RECORDS SUPPLIED =

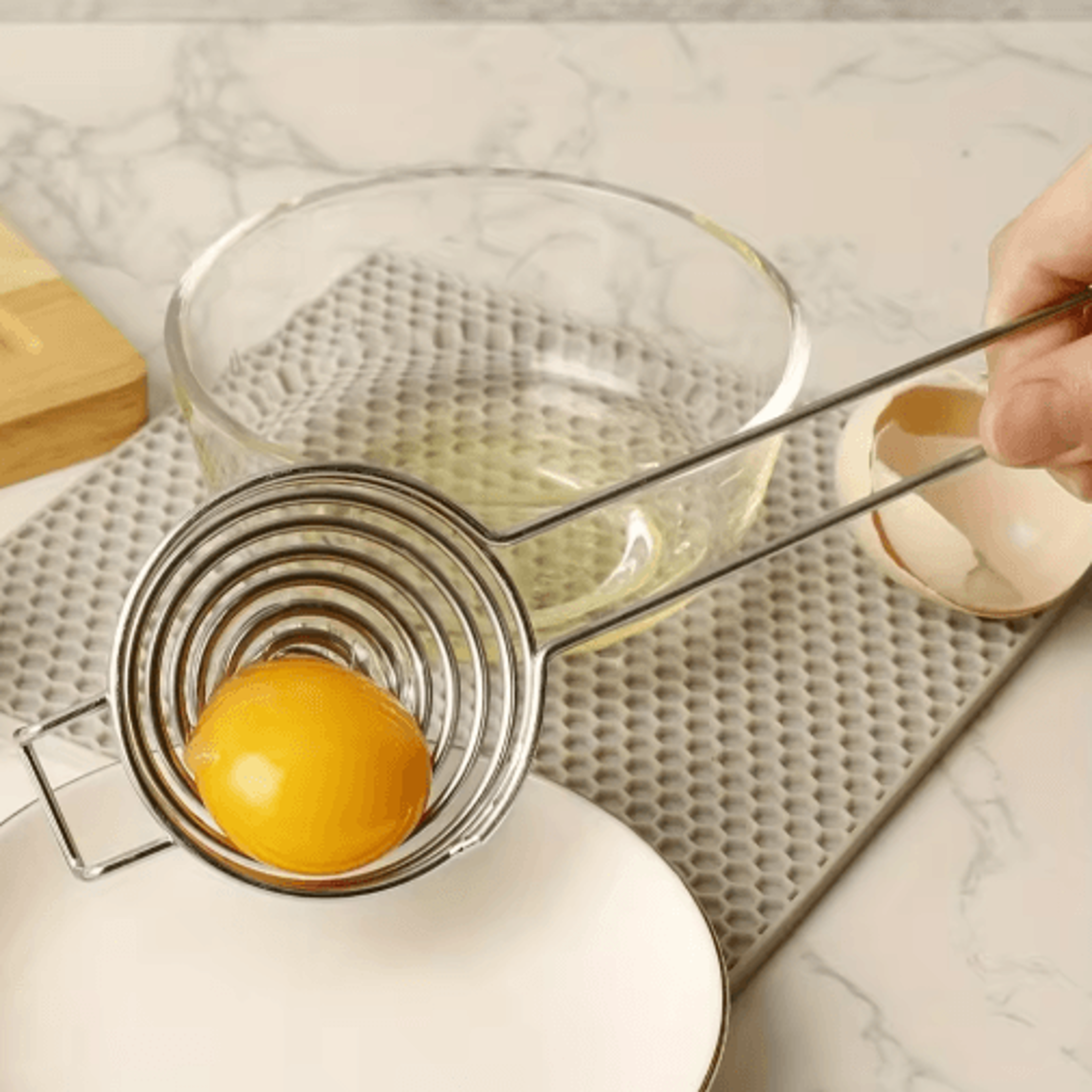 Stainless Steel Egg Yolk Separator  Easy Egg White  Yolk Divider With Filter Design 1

==

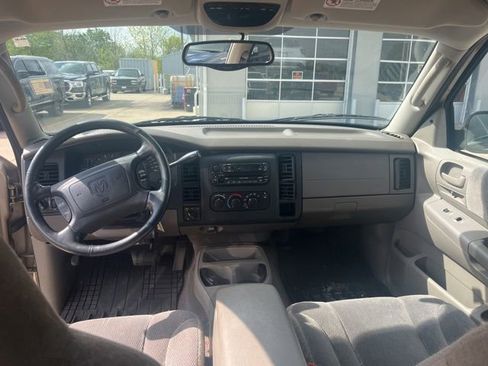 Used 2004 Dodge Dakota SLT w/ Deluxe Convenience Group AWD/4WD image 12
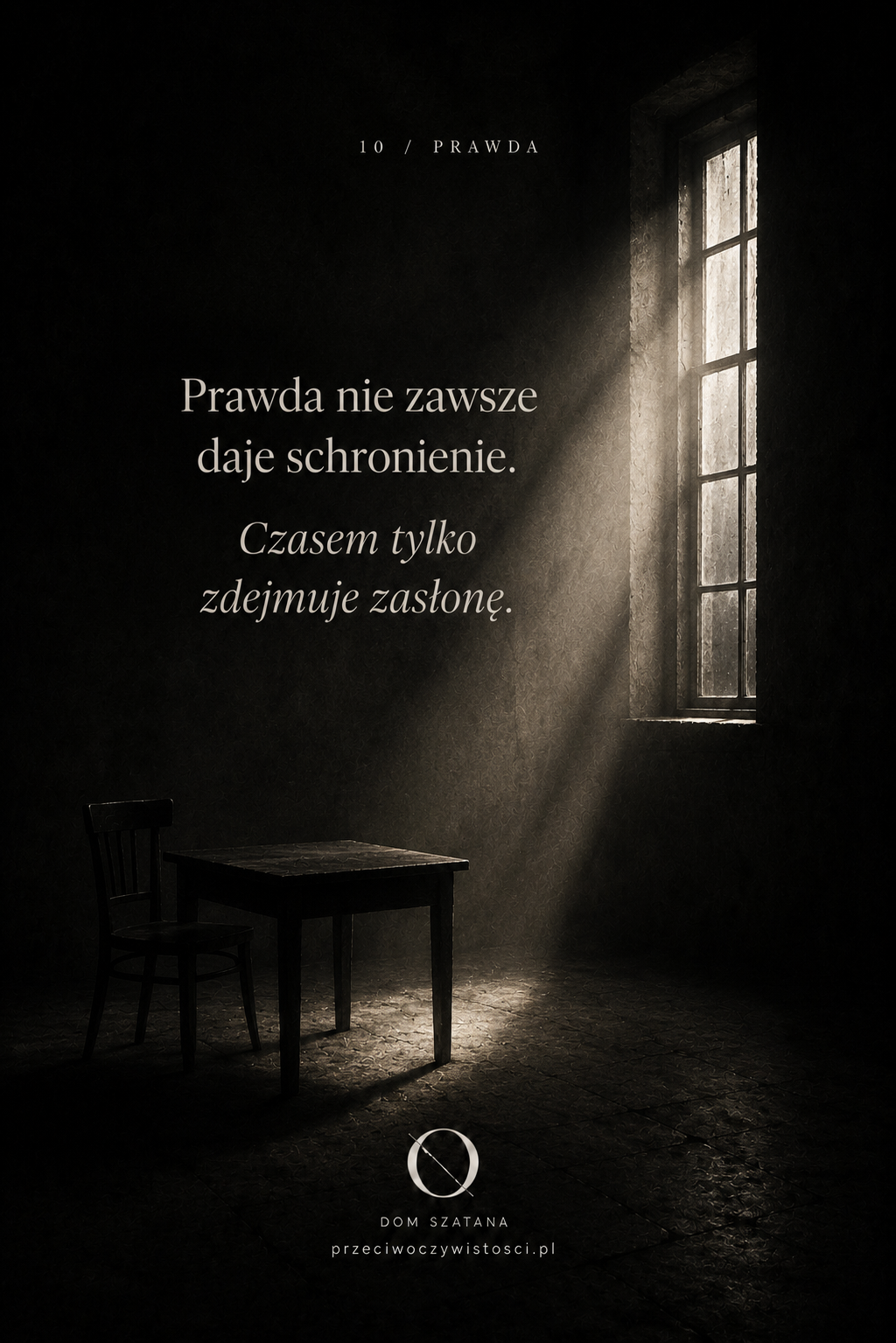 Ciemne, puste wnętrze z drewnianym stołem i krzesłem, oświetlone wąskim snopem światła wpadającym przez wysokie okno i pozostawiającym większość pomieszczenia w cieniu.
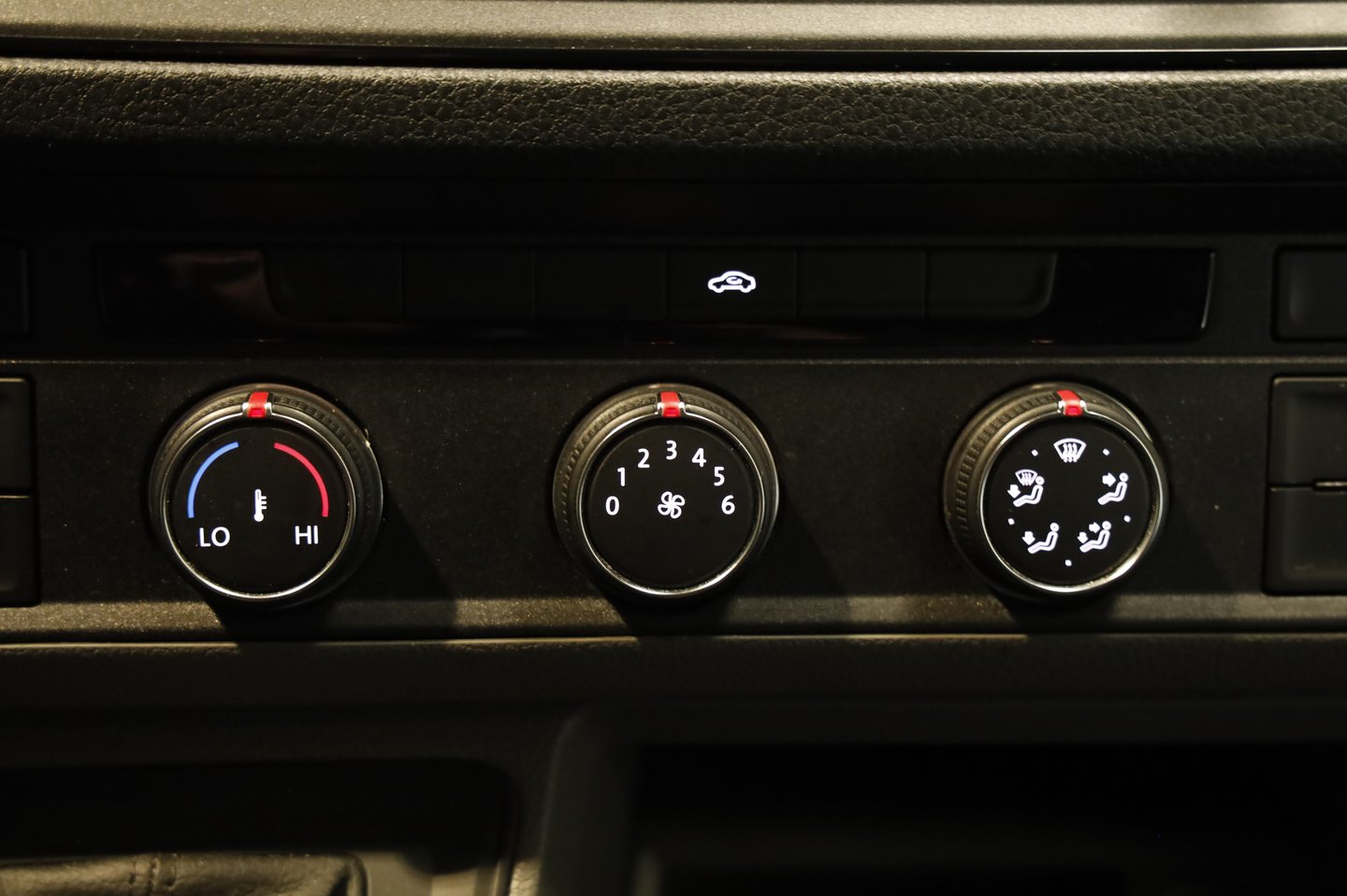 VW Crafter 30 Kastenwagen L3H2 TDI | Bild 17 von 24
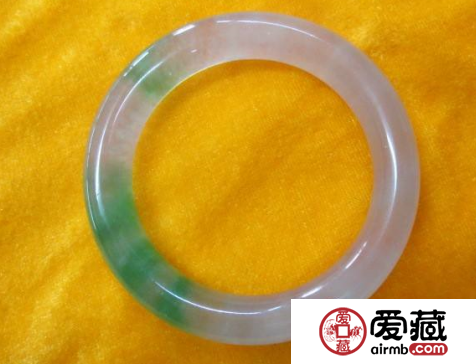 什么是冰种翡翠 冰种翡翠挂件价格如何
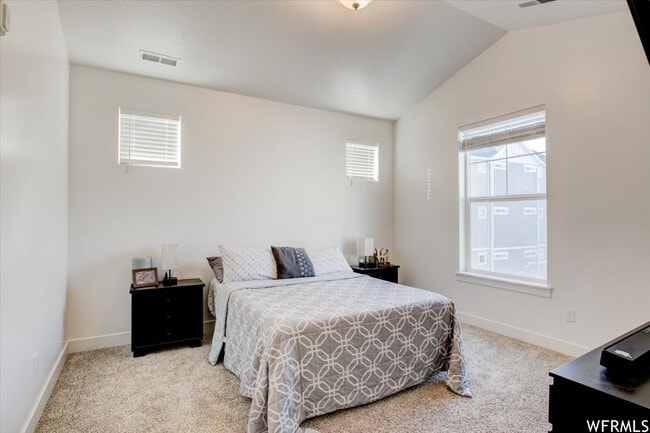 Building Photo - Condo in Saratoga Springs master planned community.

WORK TO BE COMPLETED = Using the records above, print exactly the run of lines that starts with the line with "Ciemne, puste wnętrze" and goes on through the line with "Building Photo - Condo", pictures excluded.

ANSWER SPACE =
 Ciemne, puste wnętrze z drewnianym stołem i krzesłem, oświetlone wąskim snopem światła wpadającym przez wysokie okno i pozostawiającym większość pomieszczenia w cieniu.
 VW Crafter 30 Kastenwagen L3H2 TDI | Bild 17 von 24
 什么是冰种翡翠 冰种翡翠挂件价格如何
 Building Photo - Condo in Saratoga Springs master planned community.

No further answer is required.